Cimg8584 村上春樹「風の歌を聴け」を再読する。

 講談社文庫、2002年65刷。

 1979年・発表、群像新人賞・受賞。

 僕が初めて講談社文庫で読んだのは、新刊に「世界の終りとハードボイルド・ワンダーランド」があったと記憶しているので、1985年頃だっただろうか。

 初めに読んだ頃、よく判って面白かった、という記憶が無い。当時は仕事と家庭に懸命だった。

 今、再読(短時間のこま切れを重ねて――短章を重ねた形式なので合う)してみると、1970年代の白けた雰囲気が良く出ている。

 ただし主人公が、<鼠>と書かれる金持ちの息子の友人や、女性との、交際を重ねて乗切ってゆく様が描かれる。幸運な青年である。

2015年9月29日 (火)

江國香織「赤い長靴」

Cimg8564 江國香織の小説、「赤い長靴」を読みおえる。

 文春文庫、2008年1刷。

 彼女の小説の読了は、今月17日の記事(←リンクしてある)、「ぬるい眠り」以来である。

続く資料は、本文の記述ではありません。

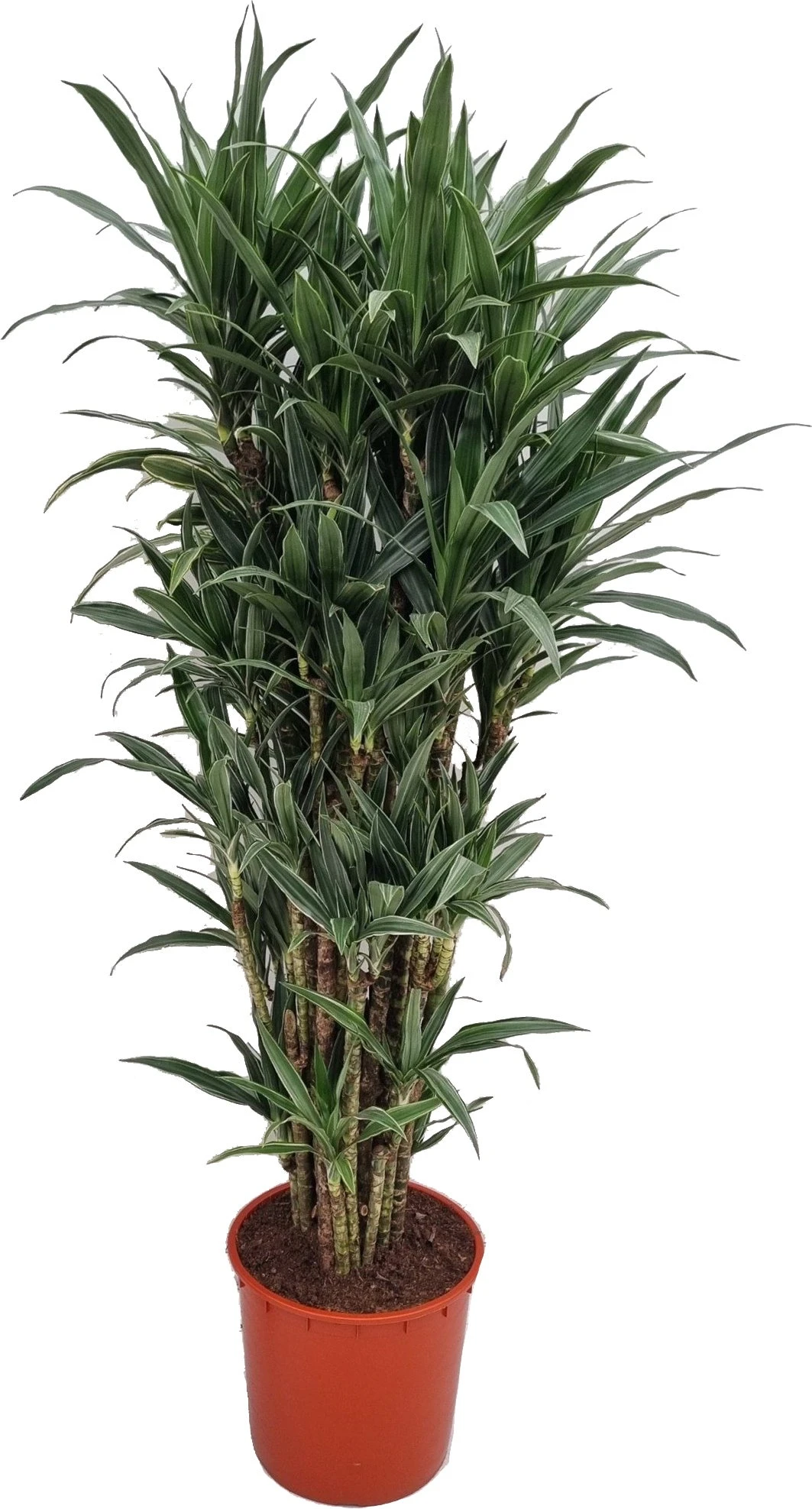 Drakenbloedboom (Dracaena Fragrans 'Warneckei') D 35 H 170 Cm 1 Drakenbloedboom (Dracaena Fragrans 'Warneckei') D 35 H 170 Cm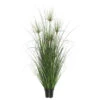 2 Foot Brushed Grass: Potted
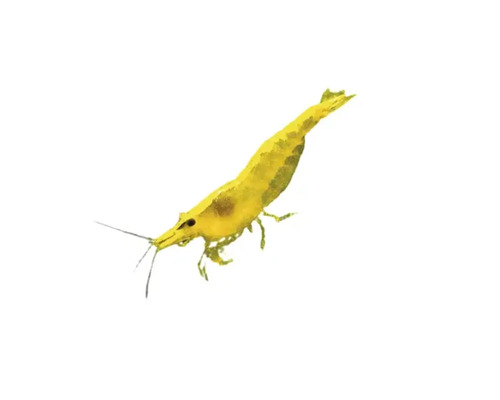 Gelbe Zwerggarnele für das Aquarium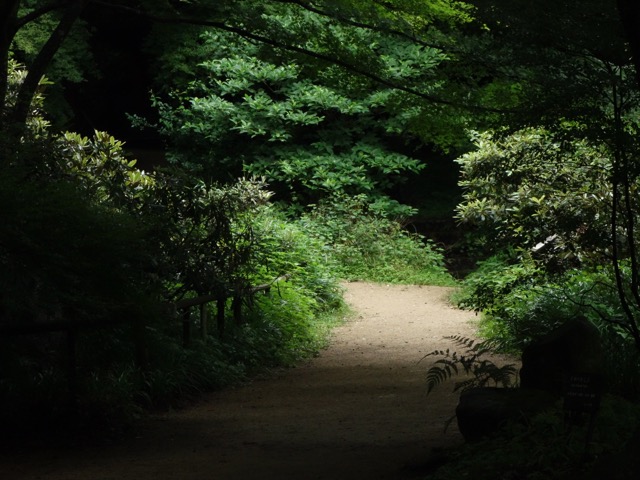 神戸市立森林植物園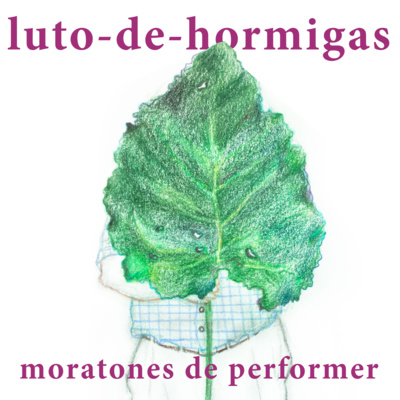 luto-de-hormigas/ants-mourning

 「赤い長靴」は、14章より成り、多く妻・日和子側から、少なく夫・逍三側から語られる。

 妻(パートで働く)は、夫や夫の両親に「言葉が通じない」と感じている。

 帰宅した夫に語りかけても、「うん」ぐらいの返事で、テレビかパソコンを観る。かつては、ちゃんと答えて、というように言っていたのが、今は反応がないと、くすくす笑うようになっている。

 夫は、経済力と、外圧からの防御で、妻を守れば良い、とは言えないようだ。

 疎通の少ない(それでいて閉鎖的な)夫婦を描いて、彼女には珍しい作品だと、僕は考える。

2015年9月27日 (日)

古井由吉「山躁賦」

Cimg8562 古井由吉の小説、「山躁賦」を読みおえる。

 集英社文庫、1987年・初版。

 この本の購入は、このブログの2012年3月4日の記事に載っている。

 彼の小説の読了は、2012年8月13日の記事(←リンクしてある)、「行隠れ」以来である。

 「山躁賦」は、関西方面(四国を含む)の山頂や谷あいの神社仏閣旧跡をめぐる12話より成る。

 もちろん観光記ではなく、「いかめ坊」という僧兵や、裸木の桜に花を見る、といった幻想に満ちている。

 この本の初刊が1982年4月であり、ソ連崩壊・東欧革命どころか、バブル景気の始まり(1986年とされる)以前であり、失われた20年を経た現在とは、社会も人の心情も異なる。

 彼の晦渋な文体は、その時代に、自己の真実を表現するための、方策だったであろう。ムジル、ブロッホなどの翻訳から出発して、題材に日本回帰の相は見えるけれども、没入はしていない。